Let’s compare best pipeline on pool and tuning stages on hold-out part of initial ts
.
[32]:
%%capture
best_pool_metrics, _, _ = best_pool_pipeline.backtest(ts=full_ts, metrics=[SMAPE()], n_folds=5)
best_tuning_metrics, _, _ = best_tuning_pipeline.backtest(ts=full_ts, metrics=[SMAPE()], n_folds=5)
[33]:
best_pool_smape = best_pool_metrics["SMAPE"].mean()
best_tuning_smape = best_tuning_metrics["SMAPE"].mean()
print(f"Best pool SMAPE: {best_pool_smape:.3f}")
print(f"Best tuning SMAPE: {best_tuning_smape:.3f}")
Best pool SMAPE: 8.262
Best tuning SMAPE: 8.188
As we can see, the results are slightly better after the tuning stage, but it can be statistically insignificant. For your datasets the results could be different.

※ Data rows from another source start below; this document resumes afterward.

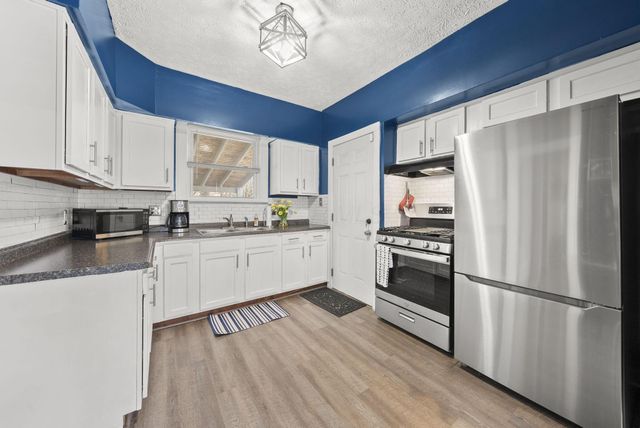 2127 Leonard Avenue, Columbus, OH 43219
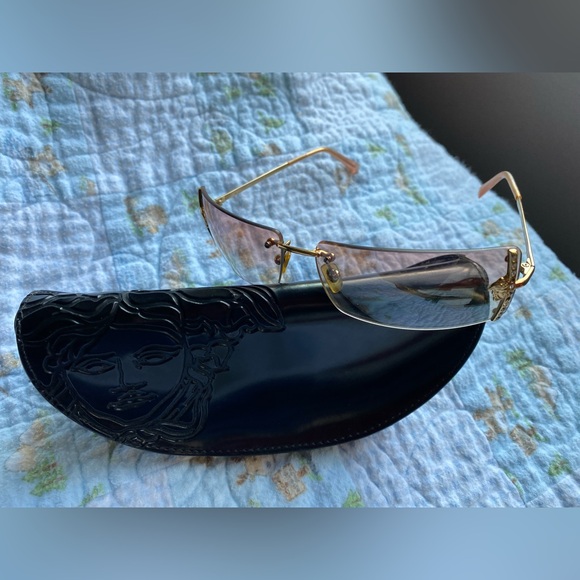 Versace Sunglasses. Vintage. Pink ish hue lenses. Well loved. - Picture 2 of 16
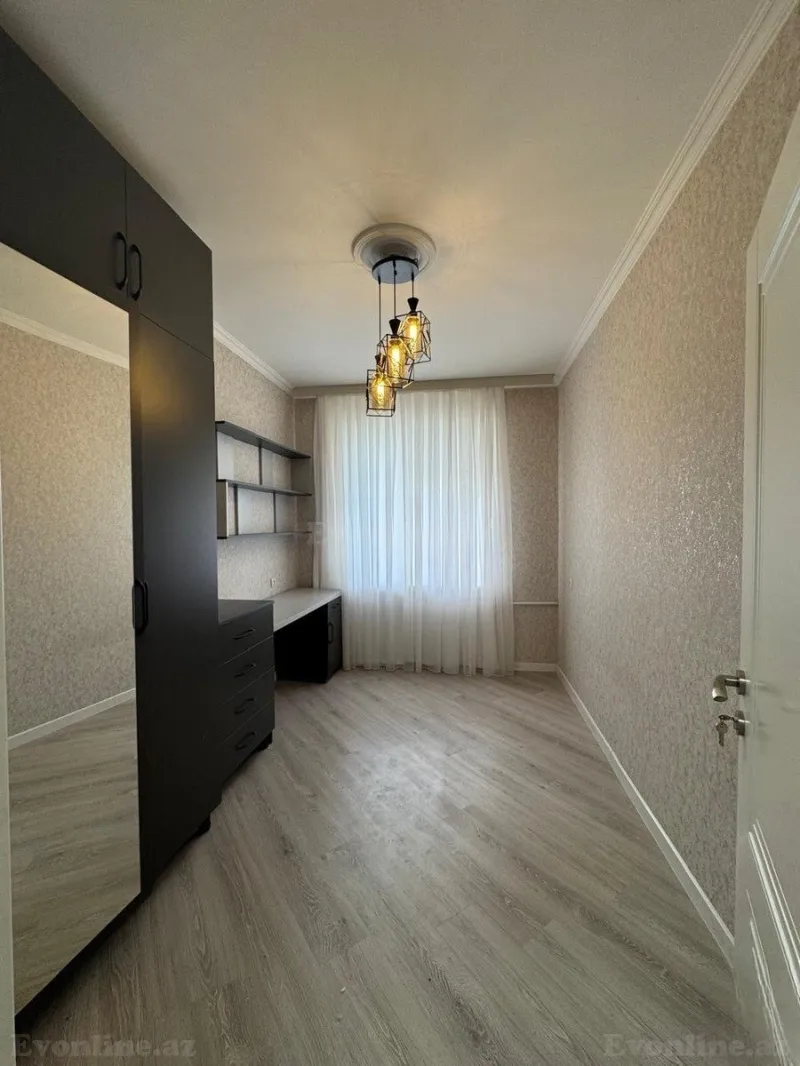 Satılır 3 otaqlı Mənzil Köhnə tikili 67 m² Azadlıq prospekti m. - şəkil 4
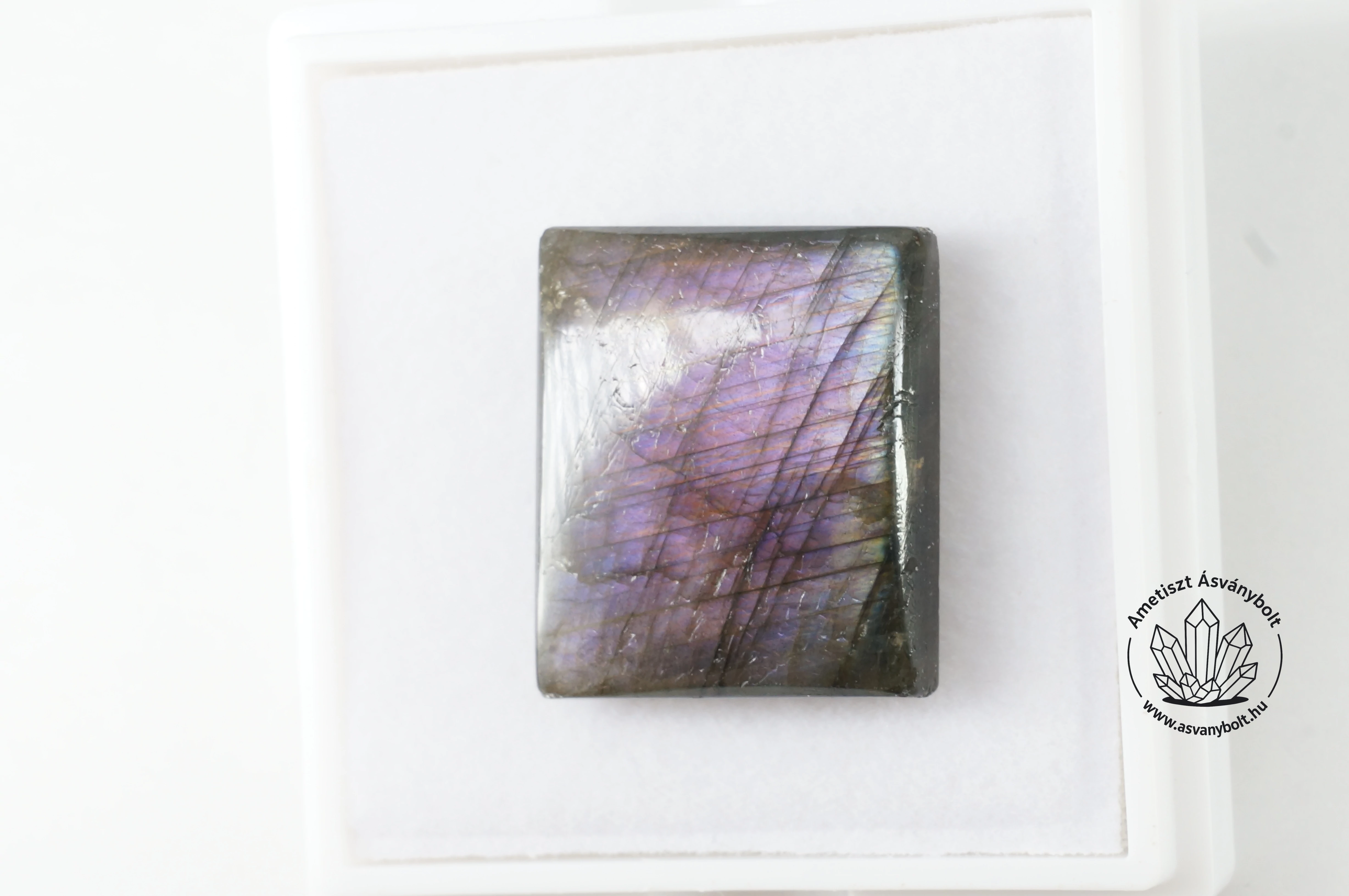 Labradorit lilás kis tégla kaboson 7760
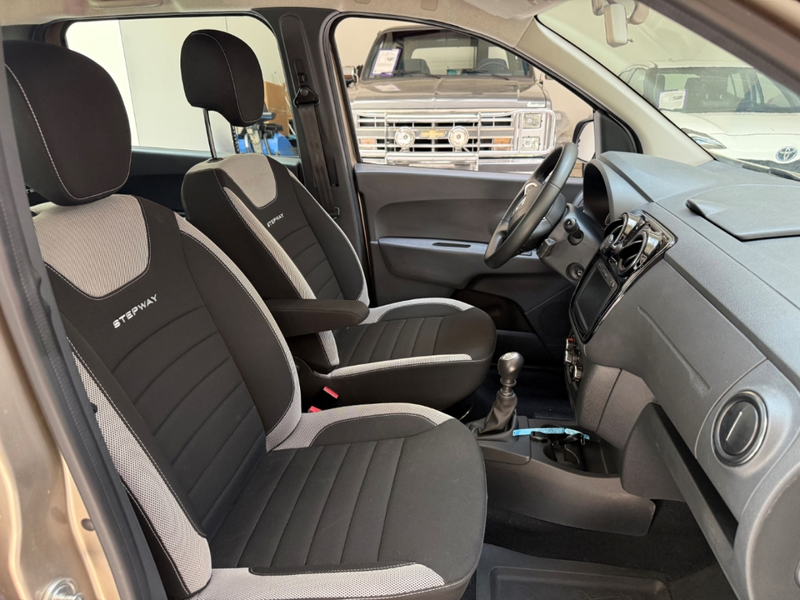 Dacia Lodgy Stepway Plus *7 Sitzer*Scheckheft*1.Hd* — photo 13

2.3 Using custom pipeline pool#
We can define our own set of pipelines for the search.
[34]:
pool = [
Pipeline(model=NaiveModel(lag=1), transforms=(), horizon=HORIZON),
Pipeline(
model=LinearPerSegmentModel(),
transforms=[LagTransform(in_column="target", lags=list(range(HORIZON, 2 * HORIZON)), out_column="target_lag")],
horizon=HORIZON,
),
]
[35]:
%%capture
auto = Auto(
target_metric=SMAPE(),
horizon=HORIZON,
pool=pool,
backtest_params=dict(n_folds=1),
storage="sqlite:///etna-auto-custom.db",
)
best_pool_pipeline = auto.fit(ts=ts, tune_size=0)
[36]:
auto.summary()[["hash", "pipeline", "SMAPE_mean", "state", "study"]].sort_values("SMAPE_mean")
[36]:
hash | pipeline | SMAPE_mean | state | study | |
---|---|---|---|---|---|
1 | d4b50dc4c1b7debb0355ebfbd9c39ffb | Pipeline(model = LinearPerSegmentModel(fit_int... | 8.587004 | TrialState.COMPLETE | pool |
0 | 53e90ae4cf7f1f71e6396107549c25ef | Pipeline(model = NaiveModel(lag = 1, ), transf... | 22.155640 | TrialState.COMPLETE | pool |
3. Summary#
In this notebook we discussed how AutoML works in ETNA library and how to use it. There are two supported scenarios:
Tuning your existing pipeline;
Automatic search of the pipeline for your forecasting task.